Saturday, February 1, 2014

A month finished!

This was a really great month.  I have never felt so in control of what I was eating and how I was exercising.  And I lost 8 pounds!  That's a big deal over here where a good month is one where I lose 5 pounds (often just a pound or two a month, and sometimes zero).

First, lets talk sugar free.  That first week was very, very difficult, but once I got past through it wasn't so bad.  I had some "safe treats" that I could have if I was really struggling.  Sugar free pudding cups, sugar free fudgicles, and when I had a REALLY bad day, sugar free slow churned ice cream.  These were a total lifesaver.  Especially towards the end, I found just knowing they were there helped me, and I often didn't eat a treat at all.  I would go all day and say, "If I need it, I can have a fudgcicle tonight." But then I get to the evening, and be like, "Nah, I don't need it."  Some cool things happened too: I used to get shaky in the afternoon if I didn't eat something (and I often went to something sugary), and that feeling went away.  I usually ate a small snack anyway, but I found I didn't need it like I did before.  I would be lying if I said all my sugar cravings went away, because that's simply not true.  I still love sugar and will love frosting until my dying day.  But I learned I don't need it. I don't need it to be happy and I don't need it to give me comfort when things are hard.
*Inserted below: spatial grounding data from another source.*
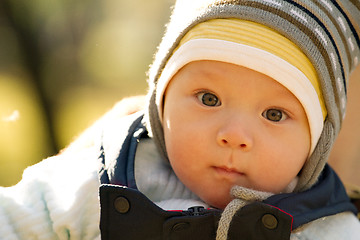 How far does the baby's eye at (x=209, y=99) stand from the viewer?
1440 millimetres

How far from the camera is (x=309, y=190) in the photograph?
1560 millimetres

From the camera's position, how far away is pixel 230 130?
→ 1.37m

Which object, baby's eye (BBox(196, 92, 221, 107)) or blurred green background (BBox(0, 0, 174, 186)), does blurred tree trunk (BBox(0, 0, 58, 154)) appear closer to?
blurred green background (BBox(0, 0, 174, 186))

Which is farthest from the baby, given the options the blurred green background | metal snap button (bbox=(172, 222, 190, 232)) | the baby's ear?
the blurred green background

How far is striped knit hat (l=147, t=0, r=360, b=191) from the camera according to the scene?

My plan for the future is to do no sugar 6 days a week, and to have an "off" day once a week.  I like baking and I missed it this last month, and I want an outlet for that.  All through it I'm still following weight watchers and tracking my points so I don't binge on my day off.  We'll see how it goes.  Eventually, I want to be able to eat a cookie a day and not stress about it, but I don't think I'm there yet.

Fitness wise, I finished Insanity the first week into January, which was awesome.  I felt really good, but I was also pretty burned out by Insanity, I wanted to do something different.  And then, almost on a whim, I decided to train for a half marathon. What the what?  I know.  And here's the other kicker: I wanted to train for it outside, not on my (beloved) treadmill.  I really wanted to see how running outside would go.  I'm SO glad I tried, you guys, because I'm hooked.  I now realize some of my fitness struggles were me just being bored on a treadmill.  On the treadmill, I could go for about 30 minutes at 5mph, and I was pretty tired after that.  I would push on and get myself up to 3 miles, and sometimes 5 miles, but after 30 minutes it always had to be a mix of running/walking, and sometimes stopping.

I ran 5 miles in 1 hour today, outside.  That's a 12 minute mile without walking or stopping.  I have NEVER done that.  On my 3 mile days, I try to push my speed, and I have done a 5k in 33 minutes (which is a big deal for me, I've never been a fast runner).  It's been really exhilarating to figure this out.  I'm so happy I got brave and tried running outside.  Now, no matter where I go, I can always get a great workout in by running, and that's a very liberating feeling.  I should not, I'm not sure if I would have had so much success running if I hadn't done Insanity first.  Insanity really pushed my fitness up a couple (of dozen) notches, and I plan to do it again in a few months.  My Jillian Michael's DVDs are also super useful to add in a little strength training in a quick little workout with my running.

1 comment:

  1. So proud of you, mama! After reading this I started googling running shoes for bad knees. I want to run outside so bad but my knees are TERRIBLE. That color run I did in October killed my legs for about a week after. I found some that I really want to get, but I need double jogging stroller if I'm ever actually going to have time to run. Sigh. Money. haha But GO AMANDA!!